The Lede
A new report from the Madras School of Economics raises significant concerns over a persistent decline in India's household savings rate. The study indicates that household savings have fallen from an average of 22.9% of GDP between 2000 and 2011 to 18.4% between 2012 and 2023. This trend, alongside sluggish income growth, is seen as a potential constraint on future investment and economic stability.
The report, authored by C. Rangarajan, Chairman of the Madras School of Economics and former Reserve Bank of India Governor, and Priya Benny, points to a worrying conflict between the drive to boost consumption for economic expansion and the necessity of maintaining adequate savings to fund vital investments. The overall average total savings rate also saw a dip during the period.

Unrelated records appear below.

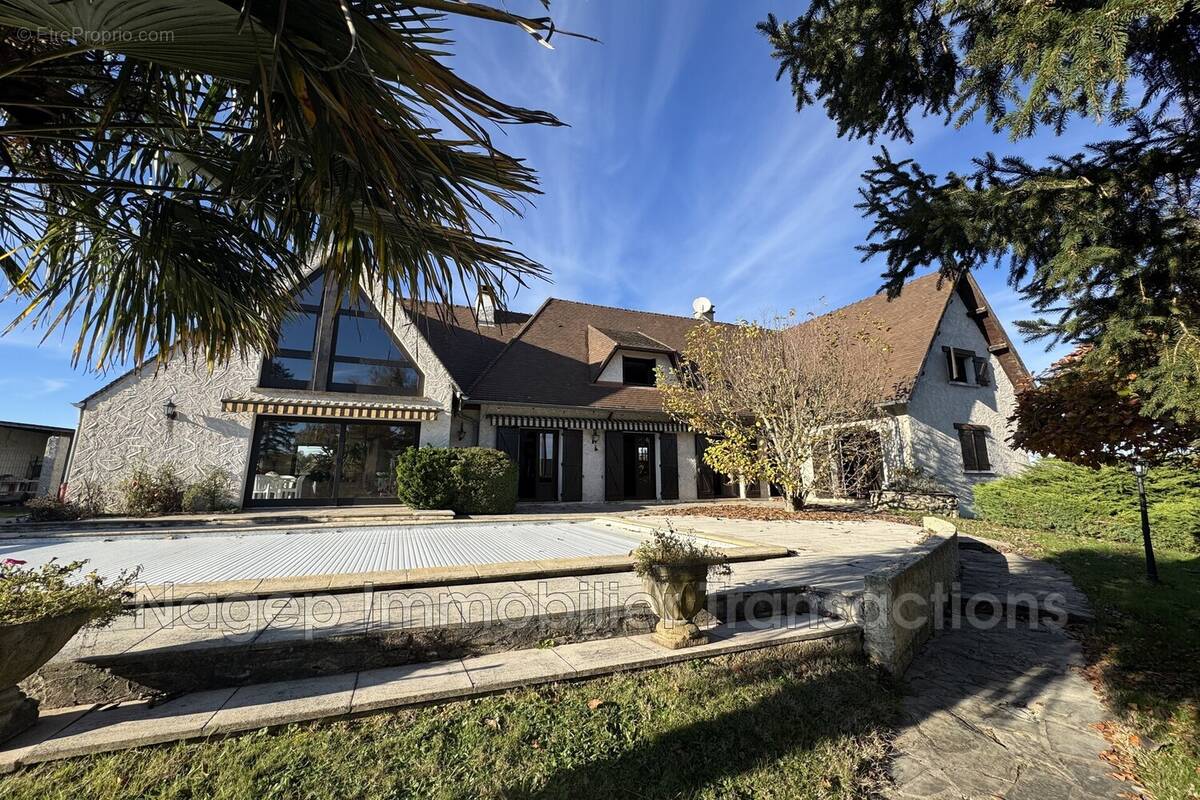 Maison à SAINT-REMY-EN-ROLLAT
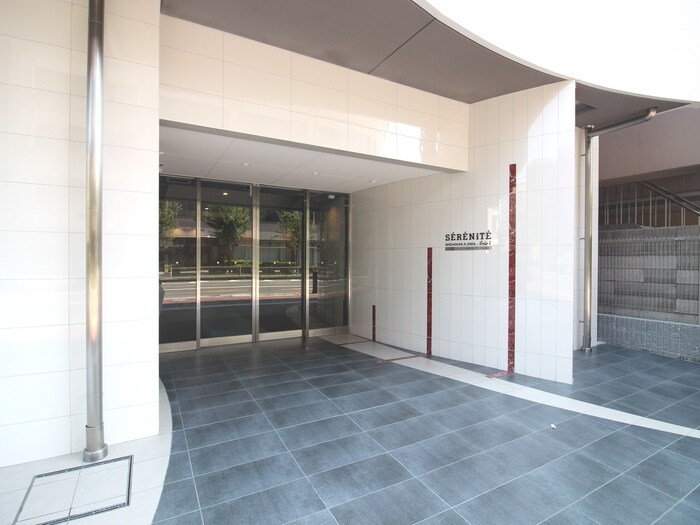 エントランス部分 ｾﾚﾆﾃ西中島アリア壱番館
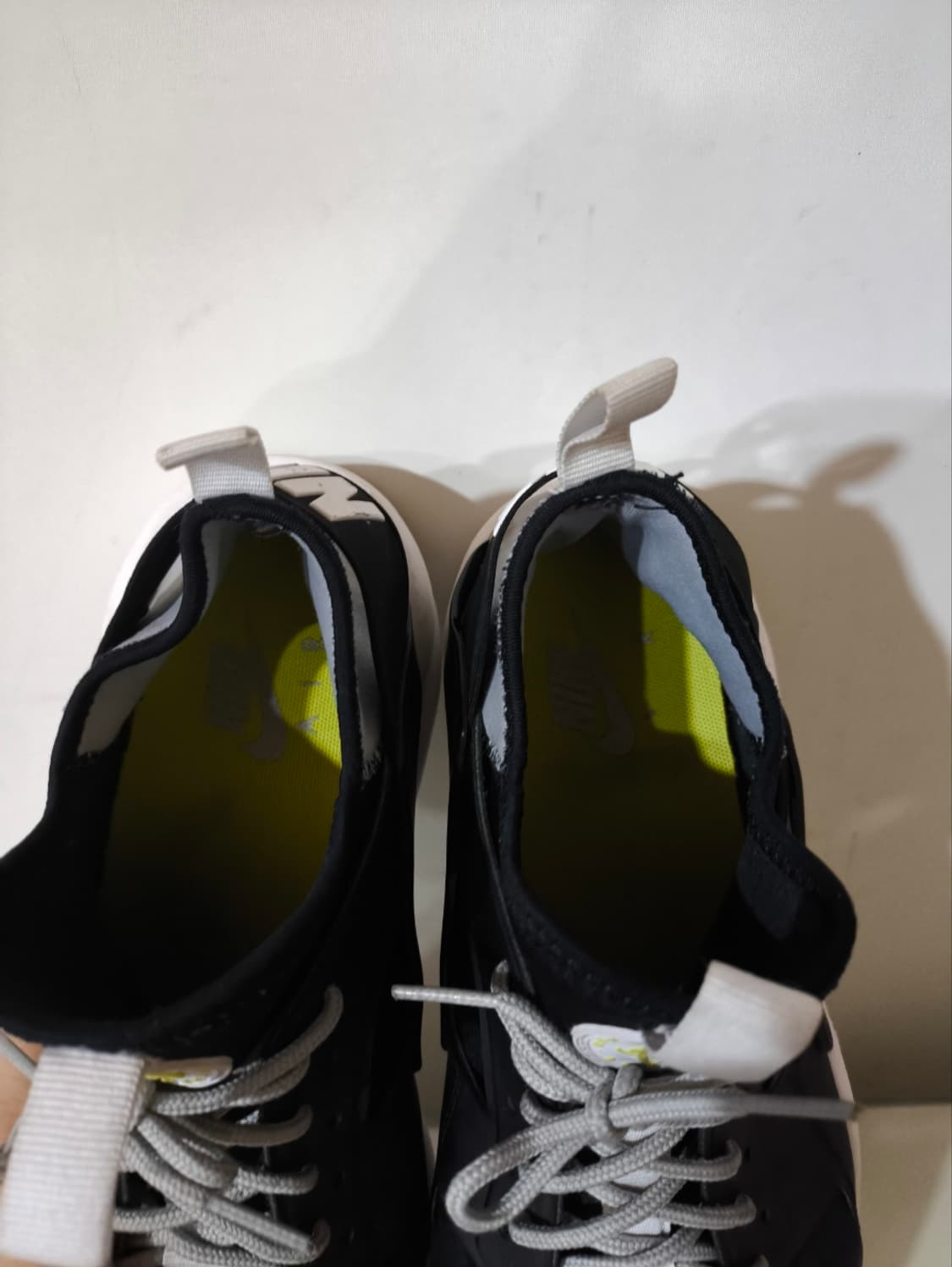 275mm 나이키 에어 허라취 울트라 운동화 상품이미지6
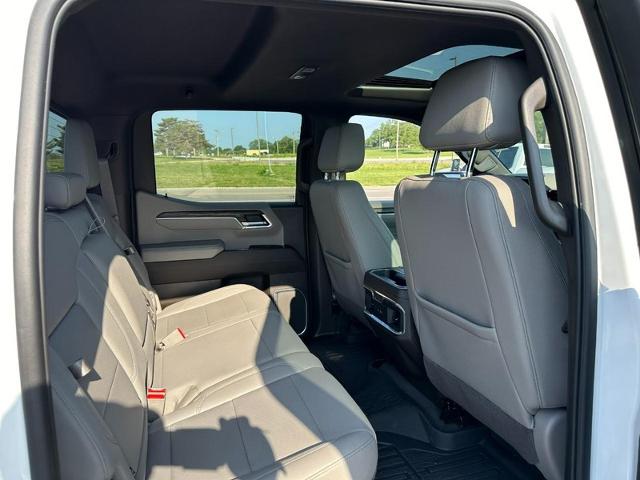 2023 GMC Sierra 1500 Vehicle Photo in COLUMBIA, MO 65203-3903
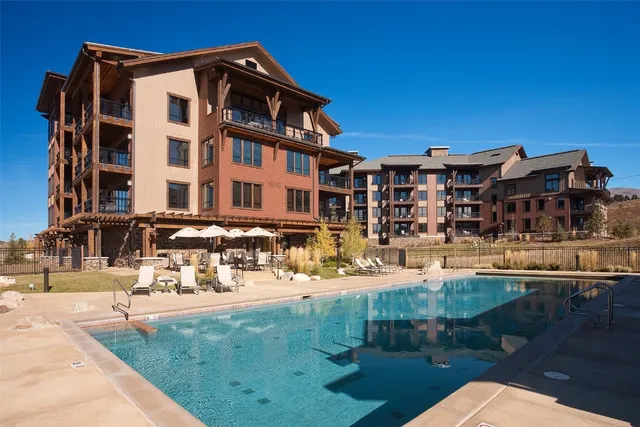 a view of a building with garden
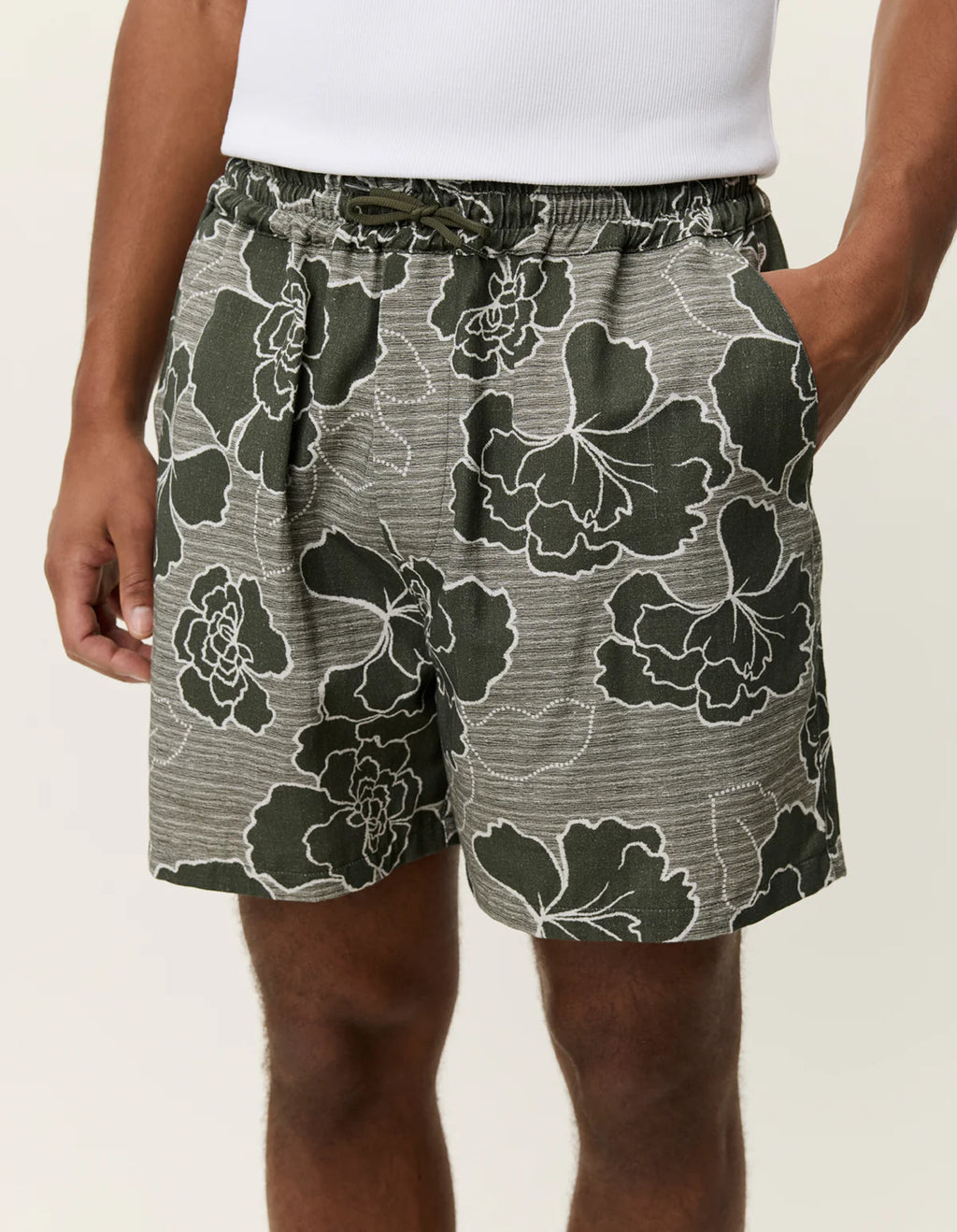 Les Deux Charlie Poppy AOP Shorts - Olive Night
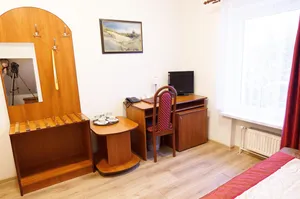 Photo 3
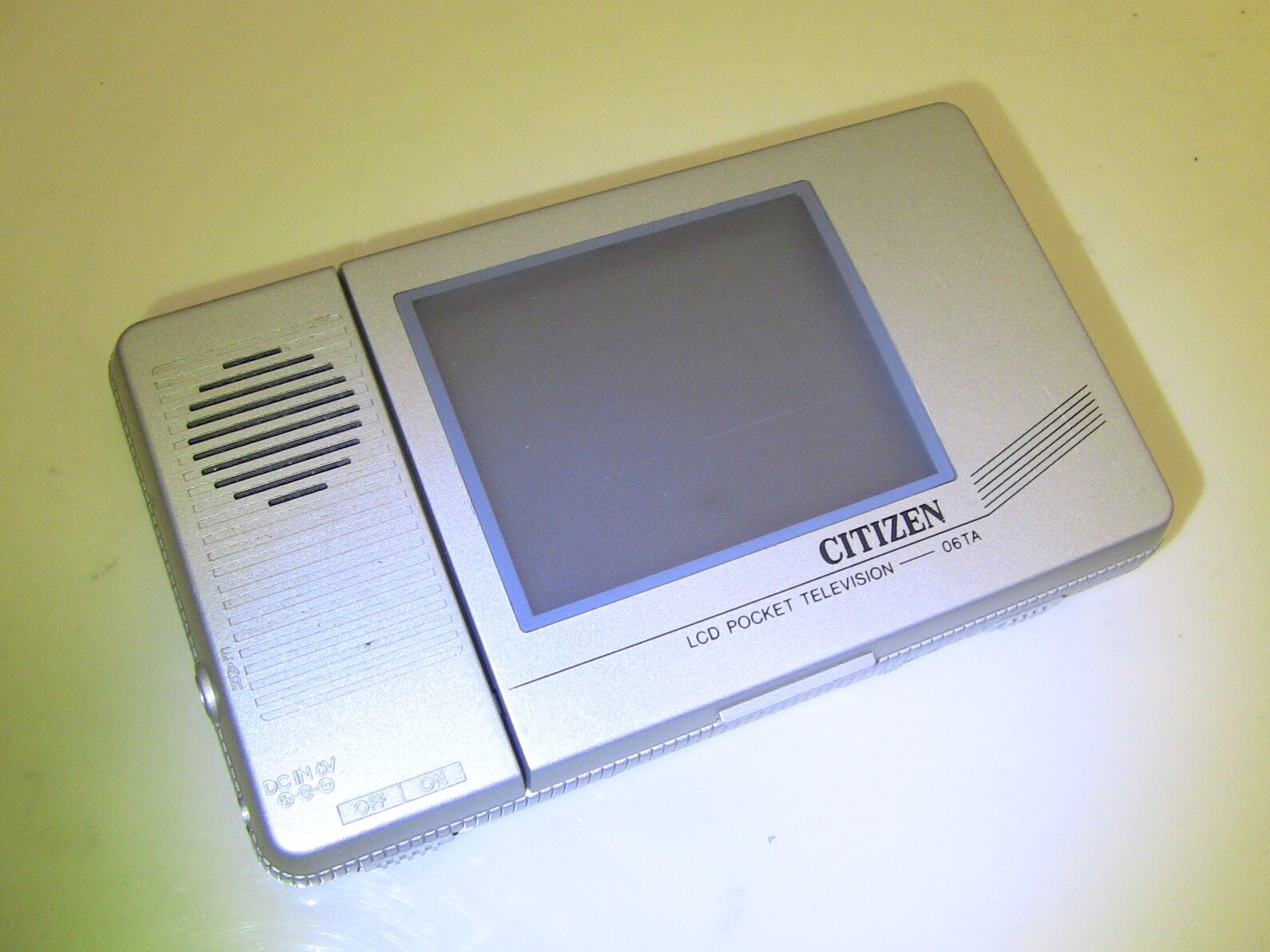 Vintage Citizen 06TA LCD Pocket Portable TV Television Etsy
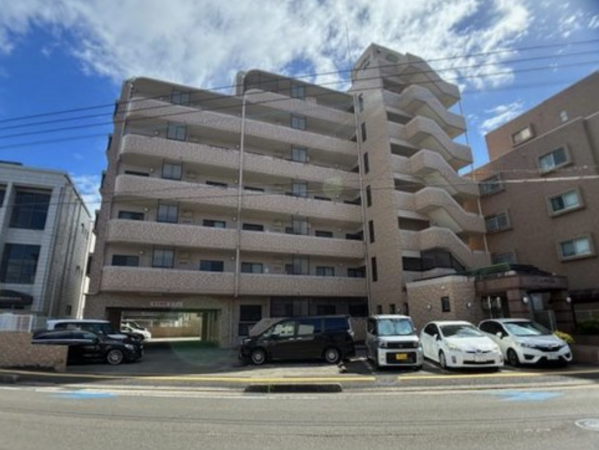 宮崎市清水、マンションの画像です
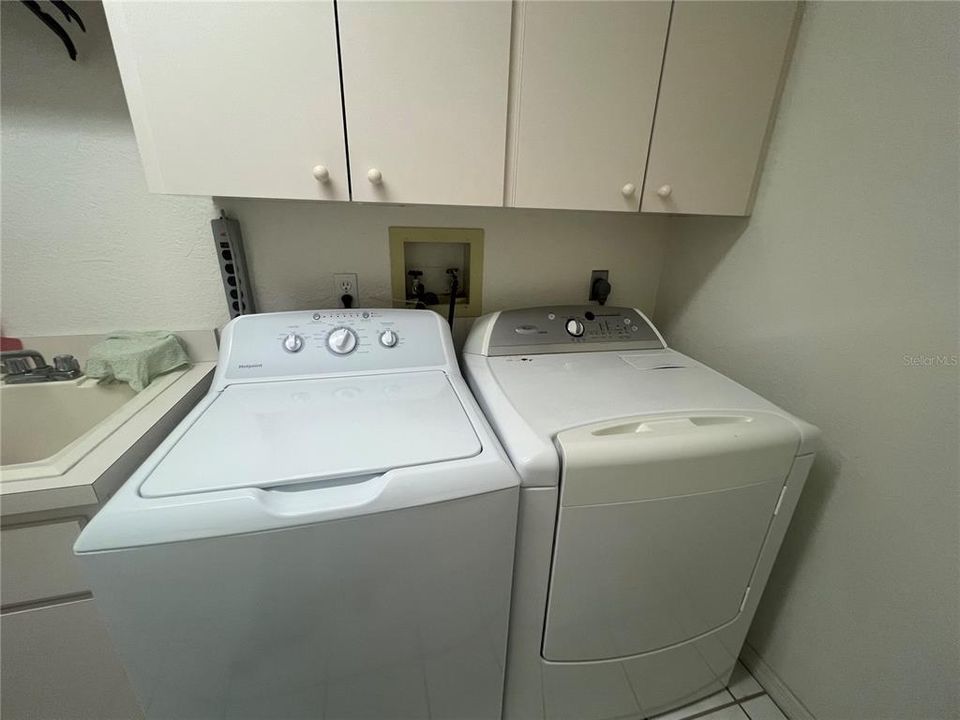 В аренду: $2,400 (3 спален, 2 ванн, 2110 Квадратных фут)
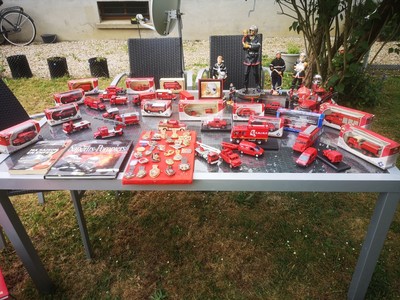 Sammlung Miniaturen und diverse Feuerwehrwelten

The Core Issue: Declining Household Savings
The study meticulously details the shrinking proportion of savings held by Indian households. While private corporate savings have concurrently increased, growing from 7.6% of GDP to 11.2% during the same comparative periods, the household share has diminished. This shift implies a changing landscape of where capital is being generated within the economy.
The decline has been particularly steep in recent years, with household savings dropping from 22.7% in 2021 to 18.4% in 2023. A significant driver of this fall has been the reduction in financial savings, which decreased from 7.4% in 2012 to 5% in 2023, although showing a slight improvement to 5.3% in 2024 according to the latest available data.
Financial Implications and Economic Conflict
Authors of the report emphasize that high savings rates are fundamental for long-term economic growth and stability. Savings act as a crucial buffer against economic uncertainties and are the primary source of funds for investment across various sectors. A reduction in this pool of capital can directly impede the nation's capacity to finance new projects and expand its economic base.
The report highlights a critical dilemma: the need to stimulate consumption to drive economic activity versus the imperative to ensure sufficient savings for investment. This tension could complicate policy-making aimed at achieving balanced economic development, potentially slowing down long-term growth prospects if investment resources dwindle.
Historical Perspective
Historically, household savings have been a cornerstone of the Indian economy, showing steady growth since 1951. Private companies contributed minimally to savings until the economic liberalization reforms of the early 1990s. Following these reforms, private corporate savings began a consistent upward trajectory, reaching a peak of 12.2% in 2008 before settling at 11.2% in 2023.
Methodology and Data
The comprehensive analysis draws upon yearly data spanning from 1951 to 2023. The researchers utilized data sourced from the Reserve Bank of India's Database on Indian Economy (DBIE) and the National Statistical Office. The core variable examined is real household savings, with its fluctuations explained by factors such as real Gross National Disposable Income (GNDI) and the five-year average growth rate of disposable income.
Impact
This trend could lead to lower availability of domestic capital for investments, potentially increasing reliance on foreign capital or leading to slower capital formation. It may also necessitate policy adjustments to balance consumption stimulus with savings promotion. For investors, this could translate to a more challenging environment for capital-intensive sectors and a potentially slower overall economic growth trajectory.
Impact Rating: 7/10
Difficult Terms Explained
Gross Domestic Product (GDP): The total monetary or market value of all the finished goods and services produced within a country's borders in a specific time period.
Household Savings Rate (HHSR): The proportion of disposable income that households save, rather than spend.
Private Corporate Savings: Savings generated by non-financial corporations.
Financial Savings: Savings held in financial assets like bank deposits, stocks, bonds, and mutual funds, as opposed to physical assets like real estate or gold.
Marginal Propensity to Save: The proportion of an increase in income that households save.
Gross National Disposable Income (GNDI): A measure of the total income available to a country's residents, including income from abroad, after accounting for transfers and taxes.